The show also addresses the rift between Paul and an older suffragist leader, Carrie Chapman Catt (Marya Grandy), who opens the show with “Let Mother Vote,” a droll number that illustrates her generation’s tactics of “strategic sweetness.” Two Black suffragists, Chicago’s own Ida B. Wells (Danyel Fulton) and Mary Church Terrell (Trisha Jeffrey), anchor a plotline about the racial dynamics within the movement, which often sidelined Black women in favor of appeasing white Southern supporters. There’s also a nod to economic divides in the characters of Ruza Wenclawska (Joyce Meimei Zheng), a Polish union organizer and socialist, and Alva Belmont (Laura Stracko), a Manhattan philanthropist and socialite.

The book certainly covers a lot of ground, and some threads inevitably seem underdeveloped, but the show moves along quite smoothly under Leigh Silverman’s direction. It helps that Taub writes such toe-tapping melodies and entertaining lyrics. In the number “G.A.B.,” Wenclawska initiates a hilarious reclaiming of a sexist expletive along with fellow suffragists Inez Milholland (the riveting Monica Tulia Ramirez), Lucy Burns (Gwynne Wood), Doris Stevens (Livvy Marcus) and Paul. Later, Stevens delivers a comedic duet, “If We Were Married,” in which she schools the president’s well-meaning chief of staff Dudley Malone (Brandi Porter) in the myriad rights denied to married women. Vocally, this all-female cast also shines in more serious numbers that allow their harmonies to soar.

The current tour boasts beautiful design work, based on the original 2024 Broadway production. Christine Peters’ minimalist set, comprising sliding wood panels, allows space for striking silhouettes created by Silverman, choreographer Mayte Natalio and lighting designer Lap Chi Chu. In a scene where the suffragists burn an effigy of President Wilson, Natalio amplifies the turbulent tone with intense movement from the ensemble.
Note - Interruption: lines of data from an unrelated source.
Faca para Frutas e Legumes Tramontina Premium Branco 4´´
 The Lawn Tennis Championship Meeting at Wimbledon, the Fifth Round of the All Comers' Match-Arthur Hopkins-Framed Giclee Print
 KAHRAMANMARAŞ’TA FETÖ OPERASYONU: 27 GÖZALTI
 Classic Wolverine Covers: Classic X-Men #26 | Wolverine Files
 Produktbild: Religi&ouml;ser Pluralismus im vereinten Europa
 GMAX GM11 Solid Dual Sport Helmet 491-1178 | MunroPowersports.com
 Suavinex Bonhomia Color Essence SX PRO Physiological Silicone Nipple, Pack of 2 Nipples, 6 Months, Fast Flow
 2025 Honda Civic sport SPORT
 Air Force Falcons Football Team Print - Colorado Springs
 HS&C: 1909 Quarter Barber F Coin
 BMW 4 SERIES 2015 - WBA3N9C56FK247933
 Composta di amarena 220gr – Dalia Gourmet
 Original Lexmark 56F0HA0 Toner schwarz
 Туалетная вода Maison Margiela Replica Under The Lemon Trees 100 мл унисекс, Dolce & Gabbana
Costumes by Paul Tazewell (whose designs for “Hamilton” and the “Wicked” movies are on temporary display at the Griffin Museum of Science and Industry) serve to differentiate and unify the suffragists when they respectively appear in street clothes or in matching white dress suits and striped sashes.

Paradoxically, although “Suffs” brought me to tears several times, I also found myself interrogating those emotions. In the year 2026, does a show like this merely serve as political copium (in the Urban Dictionary sense: a metaphorical opiate inhaled when faced with loss, failure or defeat)? Certainly, its values tend to preach to the liberal choir, but it also offers an important look at a moment in history when a heterogeneous group organized to achieve a seemingly impossible victory. As the show makes clear, the 19th Amendment didn’t solve all of the country’s injustices, but learning how it came to pass can point the way forward for present and future generations.

All philosophizing aside, though, the simple fact is that “Suffs” is particularly powerful to watch as someone whose right to vote was won by these remarkable women.

Emily McClanathan is a freelance critic.

Review: “Suffs” (3.5 stars)

When: Through July 19

Where: CIBC Theatre, 18 W. Monroe St.